Prince Harry on Tuesday lost a court challenge against the Home Office over his security arrangements when visiting the UK.
He was stripped of the police security usually afforded to royal figures after he and his American wife Meghan, the Duchess of Sussex, stepped down from their official roles in 2020 to move to the US.
The High Court in London, which last year agreed he should be allowed to challenge an original decision to end the protection, ruled he could not also seek a judicial review over whether to let him pay for the specialist police officers himself.

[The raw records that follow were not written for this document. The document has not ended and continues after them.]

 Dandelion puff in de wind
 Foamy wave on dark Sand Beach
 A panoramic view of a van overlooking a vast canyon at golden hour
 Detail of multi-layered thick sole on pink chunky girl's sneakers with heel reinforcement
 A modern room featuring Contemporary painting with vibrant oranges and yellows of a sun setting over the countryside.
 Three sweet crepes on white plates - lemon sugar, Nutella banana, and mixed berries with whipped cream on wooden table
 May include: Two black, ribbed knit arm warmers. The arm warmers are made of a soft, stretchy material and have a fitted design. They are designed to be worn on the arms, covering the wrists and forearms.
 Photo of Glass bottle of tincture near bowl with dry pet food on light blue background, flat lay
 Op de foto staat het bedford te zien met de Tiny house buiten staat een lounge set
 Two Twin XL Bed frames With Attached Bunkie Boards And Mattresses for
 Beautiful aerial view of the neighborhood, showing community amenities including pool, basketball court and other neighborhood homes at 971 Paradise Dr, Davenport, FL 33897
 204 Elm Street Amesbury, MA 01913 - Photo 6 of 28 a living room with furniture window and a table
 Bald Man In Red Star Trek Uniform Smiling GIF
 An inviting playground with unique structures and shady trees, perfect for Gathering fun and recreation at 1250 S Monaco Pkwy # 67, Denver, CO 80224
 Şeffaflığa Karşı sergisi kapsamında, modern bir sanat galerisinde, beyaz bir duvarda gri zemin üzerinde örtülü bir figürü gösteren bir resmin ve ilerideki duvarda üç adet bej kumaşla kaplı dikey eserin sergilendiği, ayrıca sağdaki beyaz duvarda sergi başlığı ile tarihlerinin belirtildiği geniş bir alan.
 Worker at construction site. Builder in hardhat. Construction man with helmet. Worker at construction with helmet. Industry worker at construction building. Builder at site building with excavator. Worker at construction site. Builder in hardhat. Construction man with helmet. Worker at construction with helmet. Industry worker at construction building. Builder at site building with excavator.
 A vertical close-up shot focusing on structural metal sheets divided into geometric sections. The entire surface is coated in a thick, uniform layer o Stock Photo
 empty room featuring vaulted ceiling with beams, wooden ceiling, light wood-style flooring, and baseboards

The decision to strip him of publicly-funded protection was taken by the Executive Committee for the Protection of Royalty and Public Figures, known as Ravec, which approves security for the royal family and VIPs, such as the prime minister.
The Home Office, opposing Prince Harry’s claim, said Ravec considered it was “not appropriate” for wealthy people to “buy” protective security, which might include armed officers, when it had decided that “the public interest does not warrant” someone receiving such protection on a publicly-funded basis.
Judge Martin Chamberlain said in his written ruling that Ravec was not arguably wrong to decide that allowing payment for protective security was against the public interest, and rejected the prince's second challenge on a number of grounds.
The court was told at the earlier hearing that Prince Harry’s latest legal challenge was related to an earlier claim he brought against the Home Office after he was told he would no longer be given the “same degree” of personal protective security when visiting the UK.
A full hearing in that challenge, which also focuses on Ravec’s decision-making and for which Prince Harry was given the go-ahead last summer, is yet to be held.
The ruling comes less than a week after Prince Harry's representative said the prince, his wife Meghan and her mother were involved in a “near-catastrophic” car chase with press photographers after an awards ceremony in New York.
Tuesday’s ruling comes amid a continuing High Court trial, in which Prince Harry is bringing a contested claim against Mirror Group Newspapers over allegations of unlawful information gathering.
Harry is also waiting for rulings over whether similar cases against publishers Associated Newspapers Limited and News Group Newspapers can go ahead.
A judgment is also expected in his libel claim against ANL – publisher of the Daily Mail and Mail on Sunday – over an article on his case against the Home Office.